▸ **Exercise data**
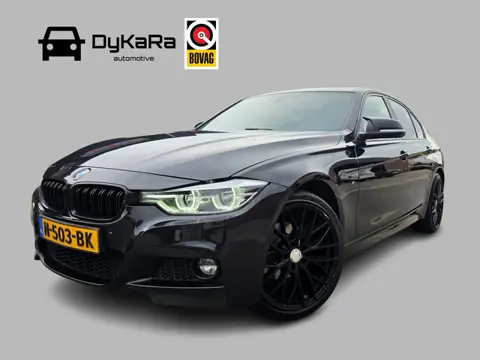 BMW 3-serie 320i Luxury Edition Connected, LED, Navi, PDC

==

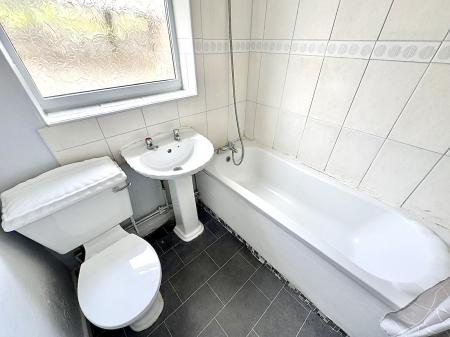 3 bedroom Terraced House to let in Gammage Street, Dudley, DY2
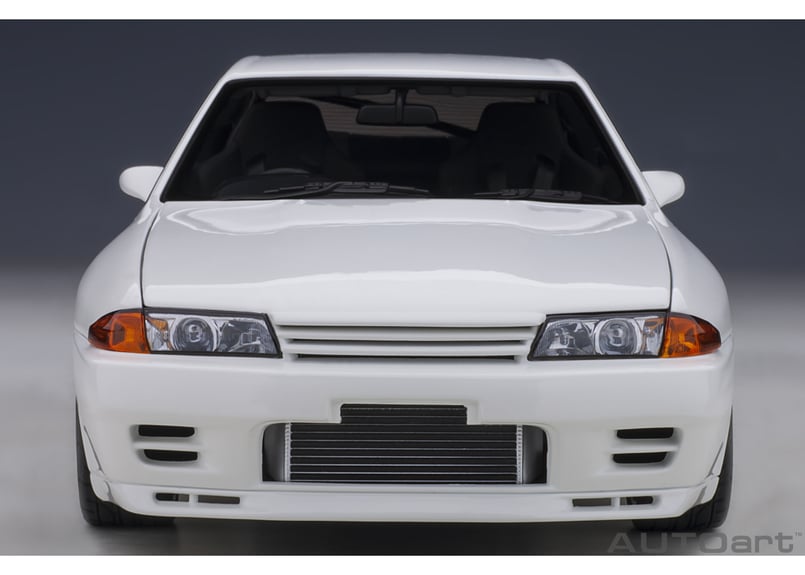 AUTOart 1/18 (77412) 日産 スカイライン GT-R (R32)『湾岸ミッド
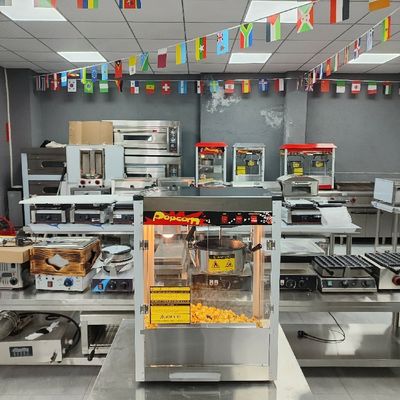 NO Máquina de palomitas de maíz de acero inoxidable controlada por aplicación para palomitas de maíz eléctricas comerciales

---

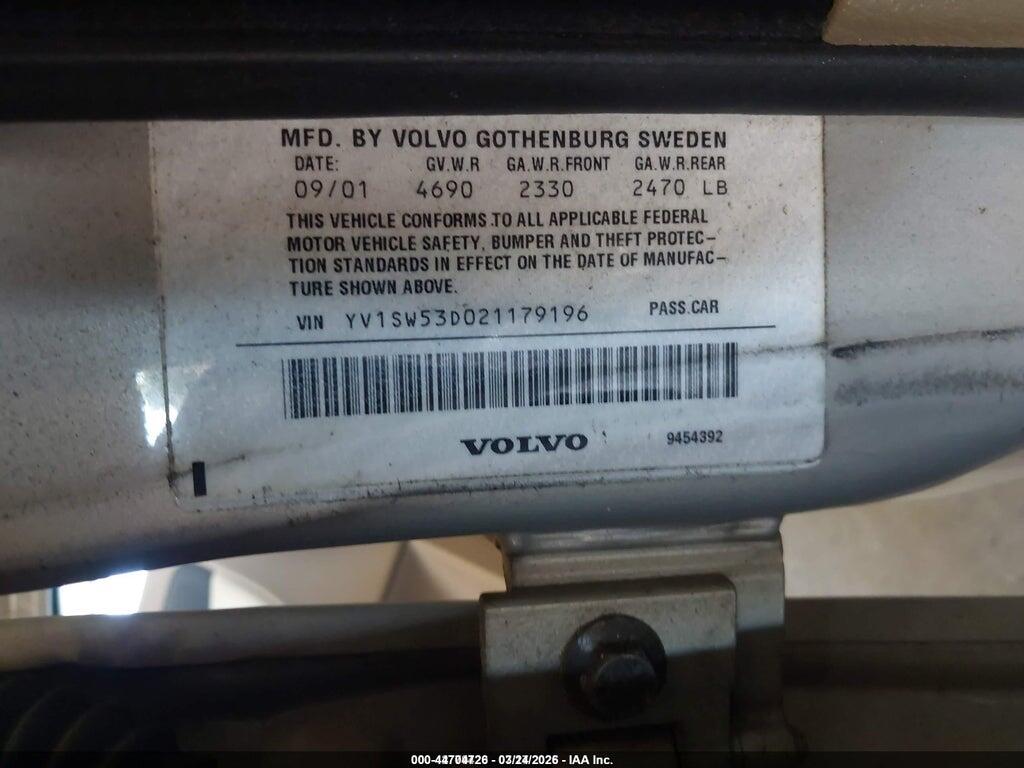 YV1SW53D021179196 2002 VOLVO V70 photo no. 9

▸ **What you will do**
Above, find the line holding "3 bedroom Terraced" and the line holding "NO Máquina de". Print exactly those two lines and every line between them, but no pictures.

▸ **Solved problem**
 3 bedroom Terraced House to let in Gammage Street, Dudley, DY2
 AUTOart 1/18 (77412) 日産 スカイライン GT-R (R32)『湾岸ミッド
 NO Máquina de palomitas de maíz de acero inoxidable controlada por aplicación para palomitas de maíz eléctricas comerciales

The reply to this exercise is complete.